Greenhouse Made With Used Windows

Greenhouse built on our homestead with used windows. The rear wall consists of stabilized* adobe bricks made with a CinvaRam, a compression tool I learned about in the ’60s from the Whole Earth Catalog. There’s a solar-powered fan for cooling and a small solar-powered trickling fountain inside. Note: using old windows like this requires a lot of time puttying and/or painting (but look at the result!)

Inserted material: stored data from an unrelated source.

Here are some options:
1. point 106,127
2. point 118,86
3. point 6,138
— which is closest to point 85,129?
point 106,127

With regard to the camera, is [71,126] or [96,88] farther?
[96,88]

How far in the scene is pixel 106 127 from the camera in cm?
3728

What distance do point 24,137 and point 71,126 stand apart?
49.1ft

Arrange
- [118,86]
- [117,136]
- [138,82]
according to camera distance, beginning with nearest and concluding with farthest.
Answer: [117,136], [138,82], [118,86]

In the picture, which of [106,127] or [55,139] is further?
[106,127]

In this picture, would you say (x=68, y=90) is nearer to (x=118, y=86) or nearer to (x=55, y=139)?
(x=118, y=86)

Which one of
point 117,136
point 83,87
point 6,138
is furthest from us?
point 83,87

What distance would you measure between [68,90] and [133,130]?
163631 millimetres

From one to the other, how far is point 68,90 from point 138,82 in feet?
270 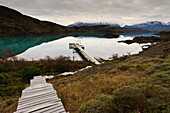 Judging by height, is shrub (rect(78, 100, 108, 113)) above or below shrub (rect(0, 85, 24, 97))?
above

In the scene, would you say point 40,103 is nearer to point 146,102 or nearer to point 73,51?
point 146,102

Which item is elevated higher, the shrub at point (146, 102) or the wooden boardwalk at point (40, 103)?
the shrub at point (146, 102)

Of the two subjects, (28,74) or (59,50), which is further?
(59,50)

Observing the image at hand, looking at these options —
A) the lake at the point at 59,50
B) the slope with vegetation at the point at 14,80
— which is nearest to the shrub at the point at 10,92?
the slope with vegetation at the point at 14,80

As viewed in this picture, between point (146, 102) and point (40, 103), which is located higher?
point (146, 102)

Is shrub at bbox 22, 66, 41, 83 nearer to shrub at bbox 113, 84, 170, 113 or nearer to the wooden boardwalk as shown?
the wooden boardwalk

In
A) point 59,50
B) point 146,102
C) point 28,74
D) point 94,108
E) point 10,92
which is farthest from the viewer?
point 59,50

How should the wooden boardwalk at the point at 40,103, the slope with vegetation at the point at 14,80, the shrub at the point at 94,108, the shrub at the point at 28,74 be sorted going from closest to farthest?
1. the shrub at the point at 94,108
2. the wooden boardwalk at the point at 40,103
3. the slope with vegetation at the point at 14,80
4. the shrub at the point at 28,74

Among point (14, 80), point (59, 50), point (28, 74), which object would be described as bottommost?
point (14, 80)

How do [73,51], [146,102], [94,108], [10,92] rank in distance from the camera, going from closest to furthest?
[146,102]
[94,108]
[10,92]
[73,51]

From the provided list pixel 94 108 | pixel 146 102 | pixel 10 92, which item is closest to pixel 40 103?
pixel 94 108

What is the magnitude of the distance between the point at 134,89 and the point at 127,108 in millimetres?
1884

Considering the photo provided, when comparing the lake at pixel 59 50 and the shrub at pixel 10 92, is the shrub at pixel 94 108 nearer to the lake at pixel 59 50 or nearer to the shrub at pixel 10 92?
the shrub at pixel 10 92

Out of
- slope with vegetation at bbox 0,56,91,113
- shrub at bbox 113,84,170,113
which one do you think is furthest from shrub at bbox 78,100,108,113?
slope with vegetation at bbox 0,56,91,113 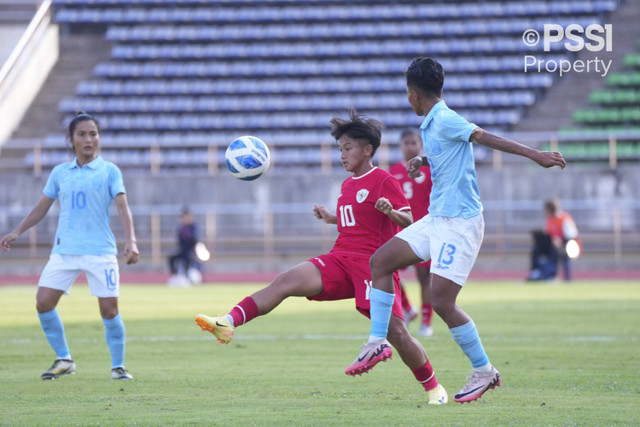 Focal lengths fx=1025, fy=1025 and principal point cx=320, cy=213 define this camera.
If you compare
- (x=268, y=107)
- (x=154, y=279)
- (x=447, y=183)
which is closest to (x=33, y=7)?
(x=268, y=107)

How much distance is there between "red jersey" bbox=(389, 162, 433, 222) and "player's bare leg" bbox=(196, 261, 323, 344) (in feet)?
15.5

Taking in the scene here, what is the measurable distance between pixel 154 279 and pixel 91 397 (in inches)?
701

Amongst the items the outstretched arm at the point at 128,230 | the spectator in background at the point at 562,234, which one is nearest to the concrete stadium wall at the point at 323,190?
the spectator in background at the point at 562,234

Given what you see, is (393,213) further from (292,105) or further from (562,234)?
(292,105)

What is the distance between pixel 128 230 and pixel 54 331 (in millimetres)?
1080

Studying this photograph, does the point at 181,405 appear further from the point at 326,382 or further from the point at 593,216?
the point at 593,216

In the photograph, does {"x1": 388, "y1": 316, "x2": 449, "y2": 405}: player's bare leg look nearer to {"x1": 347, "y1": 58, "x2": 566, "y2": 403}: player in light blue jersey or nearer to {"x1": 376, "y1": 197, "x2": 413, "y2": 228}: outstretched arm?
{"x1": 347, "y1": 58, "x2": 566, "y2": 403}: player in light blue jersey

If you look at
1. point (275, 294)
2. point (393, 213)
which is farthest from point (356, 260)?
point (275, 294)

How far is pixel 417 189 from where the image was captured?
11.4 metres

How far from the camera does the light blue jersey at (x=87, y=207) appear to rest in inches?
317

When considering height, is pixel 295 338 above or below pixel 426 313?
below

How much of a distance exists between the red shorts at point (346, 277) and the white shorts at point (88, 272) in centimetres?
200

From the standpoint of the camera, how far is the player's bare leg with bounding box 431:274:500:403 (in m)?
6.29

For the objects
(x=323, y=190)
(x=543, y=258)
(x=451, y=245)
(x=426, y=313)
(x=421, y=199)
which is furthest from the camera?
(x=323, y=190) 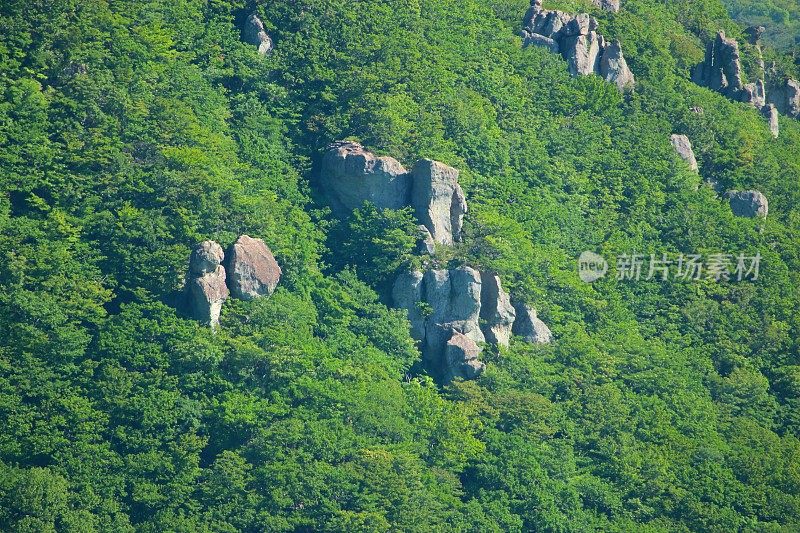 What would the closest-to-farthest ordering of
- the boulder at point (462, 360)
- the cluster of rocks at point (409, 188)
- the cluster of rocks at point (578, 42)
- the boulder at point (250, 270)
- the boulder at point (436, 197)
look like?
the boulder at point (250, 270) → the boulder at point (462, 360) → the boulder at point (436, 197) → the cluster of rocks at point (409, 188) → the cluster of rocks at point (578, 42)

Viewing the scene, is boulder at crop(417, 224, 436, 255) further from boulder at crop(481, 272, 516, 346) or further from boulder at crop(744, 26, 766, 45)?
boulder at crop(744, 26, 766, 45)

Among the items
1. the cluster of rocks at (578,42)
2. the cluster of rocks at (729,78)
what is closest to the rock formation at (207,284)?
the cluster of rocks at (578,42)

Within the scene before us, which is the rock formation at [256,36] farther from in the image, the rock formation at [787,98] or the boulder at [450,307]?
the rock formation at [787,98]

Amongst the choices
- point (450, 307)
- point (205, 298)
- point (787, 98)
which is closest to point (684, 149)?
point (787, 98)

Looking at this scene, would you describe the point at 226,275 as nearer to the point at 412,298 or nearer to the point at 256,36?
the point at 412,298

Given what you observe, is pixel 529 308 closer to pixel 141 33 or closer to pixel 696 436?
pixel 696 436

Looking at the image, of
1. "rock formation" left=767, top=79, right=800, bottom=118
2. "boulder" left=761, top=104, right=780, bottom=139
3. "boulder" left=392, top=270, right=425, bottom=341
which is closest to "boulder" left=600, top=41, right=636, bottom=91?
"boulder" left=761, top=104, right=780, bottom=139

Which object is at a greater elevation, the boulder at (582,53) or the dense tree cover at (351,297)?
the boulder at (582,53) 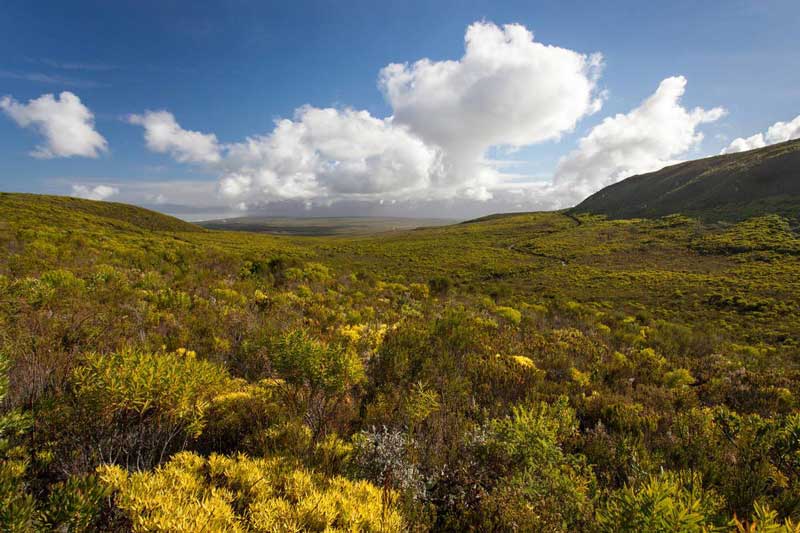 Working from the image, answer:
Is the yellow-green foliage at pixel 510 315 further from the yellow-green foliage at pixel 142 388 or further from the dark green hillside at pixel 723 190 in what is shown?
the dark green hillside at pixel 723 190

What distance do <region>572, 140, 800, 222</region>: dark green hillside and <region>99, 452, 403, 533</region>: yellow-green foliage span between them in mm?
79824

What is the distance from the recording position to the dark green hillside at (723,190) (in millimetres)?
61781

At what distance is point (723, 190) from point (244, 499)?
10767 centimetres

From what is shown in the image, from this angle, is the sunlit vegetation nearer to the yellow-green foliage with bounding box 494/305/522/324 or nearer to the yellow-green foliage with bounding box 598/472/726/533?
the yellow-green foliage with bounding box 598/472/726/533

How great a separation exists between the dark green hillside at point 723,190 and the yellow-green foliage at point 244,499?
79824 millimetres

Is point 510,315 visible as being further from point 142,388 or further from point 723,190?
point 723,190

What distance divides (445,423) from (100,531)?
3274 millimetres

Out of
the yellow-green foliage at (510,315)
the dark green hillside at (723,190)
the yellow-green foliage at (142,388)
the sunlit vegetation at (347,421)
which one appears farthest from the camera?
the dark green hillside at (723,190)

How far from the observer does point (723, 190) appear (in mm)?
74812

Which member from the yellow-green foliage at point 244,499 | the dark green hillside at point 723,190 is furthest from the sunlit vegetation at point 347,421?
the dark green hillside at point 723,190

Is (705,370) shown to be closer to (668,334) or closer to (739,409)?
(739,409)

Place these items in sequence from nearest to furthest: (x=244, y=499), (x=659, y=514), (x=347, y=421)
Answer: (x=659, y=514)
(x=244, y=499)
(x=347, y=421)

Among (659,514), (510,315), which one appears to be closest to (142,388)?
(659,514)

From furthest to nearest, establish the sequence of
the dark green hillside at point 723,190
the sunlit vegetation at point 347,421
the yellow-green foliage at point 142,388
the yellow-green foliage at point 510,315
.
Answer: the dark green hillside at point 723,190 → the yellow-green foliage at point 510,315 → the yellow-green foliage at point 142,388 → the sunlit vegetation at point 347,421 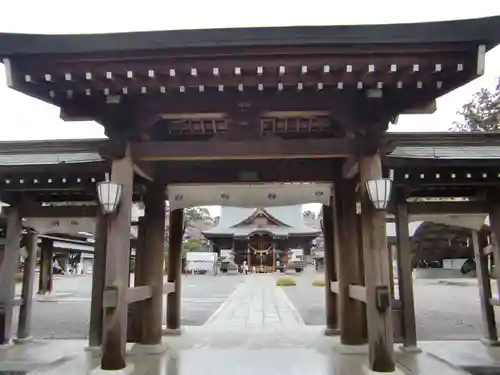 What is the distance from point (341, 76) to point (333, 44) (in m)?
0.37

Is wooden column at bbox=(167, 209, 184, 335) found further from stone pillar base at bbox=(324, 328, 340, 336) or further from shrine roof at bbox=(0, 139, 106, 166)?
stone pillar base at bbox=(324, 328, 340, 336)

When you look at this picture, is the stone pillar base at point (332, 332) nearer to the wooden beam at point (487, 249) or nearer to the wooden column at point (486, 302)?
the wooden column at point (486, 302)

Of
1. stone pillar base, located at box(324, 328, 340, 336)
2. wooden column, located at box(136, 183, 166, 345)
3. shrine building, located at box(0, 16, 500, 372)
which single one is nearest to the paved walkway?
stone pillar base, located at box(324, 328, 340, 336)

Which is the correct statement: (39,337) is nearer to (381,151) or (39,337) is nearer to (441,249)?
(381,151)

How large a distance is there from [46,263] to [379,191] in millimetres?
12390

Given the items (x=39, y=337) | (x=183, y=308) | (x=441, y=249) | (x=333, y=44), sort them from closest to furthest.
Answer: (x=333, y=44), (x=39, y=337), (x=183, y=308), (x=441, y=249)

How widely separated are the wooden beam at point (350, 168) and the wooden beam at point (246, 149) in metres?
0.16

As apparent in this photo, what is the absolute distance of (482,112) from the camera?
29.0 meters

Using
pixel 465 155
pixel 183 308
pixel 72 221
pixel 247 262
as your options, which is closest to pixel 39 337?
pixel 72 221

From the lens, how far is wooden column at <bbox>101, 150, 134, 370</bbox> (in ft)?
13.9

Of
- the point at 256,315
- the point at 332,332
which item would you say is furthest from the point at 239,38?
the point at 256,315

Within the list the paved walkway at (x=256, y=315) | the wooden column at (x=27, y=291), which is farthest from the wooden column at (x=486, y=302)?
the wooden column at (x=27, y=291)

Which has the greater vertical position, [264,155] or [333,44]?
[333,44]

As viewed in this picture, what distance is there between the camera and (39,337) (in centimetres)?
759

*1 part cement to 12 parts soil. (The soil came from digging out our 15′ deep garden well.)

About Lloyd Kahn

Lloyd Kahn started building his own home in the early '60s and went on to publish books showing homeowners how they could build their own homes with their own hands. He got his start in publishing by working as the shelter editor of the Whole Earth Catalog with Stewart Brand in the late '60s. He has since authored six highly-graphic books on homemade building, all of which are interrelated. The books, "The Shelter Library Of Building Books," include Shelter, Shelter II (1978), Home Work (2004), Builders of the Pacific Coast (2008), Tiny Homes (2012), and Tiny Homes on the Move (2014). Lloyd operates from Northern California studio built of recycled lumber, set in the midst of a vegetable garden, and hooked into the world via five Mac computers. You can check out videos (one with over 450,000 views) on Lloyd by doing a search on YouTube:

6 Responses to Greenhouse Made With Used Windows

  1. LOVE it. Tried to do that about 8 years ago for a coldframe but got stuck in the pre-window acquisition part (i.e. never started). That's just gorgeous.